While the state’s deficit was $27 billion when Gov. Jerry Brown took office in 2011, it has dropped substantially through a combination of frugality and a booming economy. An identified $35 billion wall of debt has since been whittled down to about $5 billion. A rainy-day fund established through 2014’s Proposition 2 is now maxed out at $13.8 billion, though many — myself included — contend it would take a quick economic drop to eat through that in short order.
And long-term liabilities remain. The state of California has $291 billion in long-term costs, debts and liabilities — largely related to retirement costs of state and UC employees. While the state has been aggressive in paying down these obligations and ensuring that future costs remain lower through capping pension benefits and asking for more worker participation, along with increasing the retirement age, this obligation remains now and for the foreseeable future.
This obligation has origins in retirement plans approved in 1999 in which public safety employees were granted 3 percent at 50, which meant a worker could collect 3 percent of their pay for each year worked at the age of 50. That means someone who started working at 20 years old could retire at 50 with 90 percent of their pay as a pension. As life spans extend, we are responsible for these pension payments for longer periods. This type of plan expanded to other government workers at the municipal level and, in the early 2000s, with the dot-com boom, it was believed that ever-growing stock market returns would allow for local government payments to remain low.
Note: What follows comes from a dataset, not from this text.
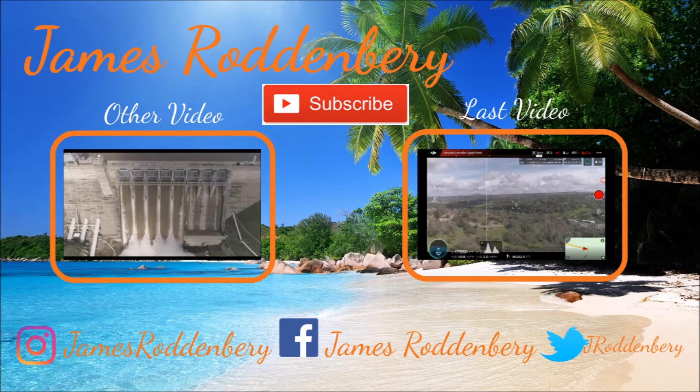Thanks again for watching my video. Make sure you subscribe for more videos like this and check out these two videos I have listed here — one where I did a distance test with the 4 Pro, and another where I took over Folsom Dam with five bays open. Take care guys.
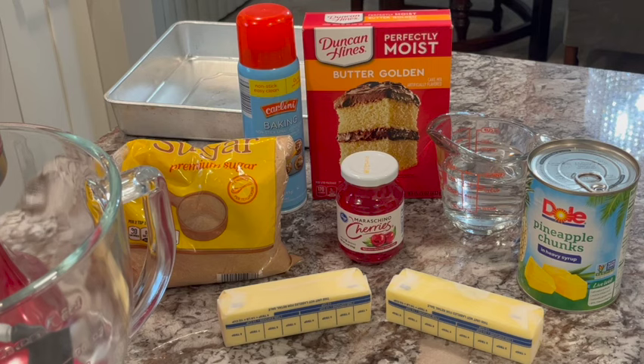Hey guys, welcome back to the channel. Today we are going to make a Christmas pineapple upside down cake and it's going to look so pretty on your Christmas table. And these are the ingredients that you're going to need for it.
As a reminder, the dot-com bust proved that was not to be the case.
In the aftermath, we were stuck with these obligations but, make no mistake, these are obligations that must be met. A promise is a promise, and there is nothing worse than changing a worker’s pension or health care agreements after retirement. It should also be said the eye-popping pensions we hear of are outliers, and most workers have modest retirement packages that are well-earned through their service to us.
Still, there was an amount of pension reform that took place during Brown’s tenure, and cities and counties also did their part in ensuring that newer hires did not match the previous agreements and add to the obligation. Yet the obligation remains. The California Public Employee Retirement System recently lowered its expected rate of return to 7 percent, which makes an abundance of sense since any stock picker knows an overall long-term market return of 8 percent is pretty good and retirement systems tend to gravitate toward safer, and lower yield, investments. But that meant that the money had to made up somehow, and it is in the hands of local government officials who must decide whether to pay more into the funds. With some cities and districts luckily contending with surplus revenue, some are deciding to make lump sum payments to get ahead. Others aren’t sure if it’s worth it. Still others are considering ways to make their budget forecasts work into the future through revenue generation ideas such as increased fees and new taxes. Many of those suggested new taxes are painted as ways to maintain a range of government services, but really they are needed because of pension obligations.
Debt is no way to manage your personal finances, and it is no way to manage our local government finances. In whatever form it takes, eliminating ongoing debt as quickly as possible is simply the best policy. The sooner it is done, and the most honestly, the better.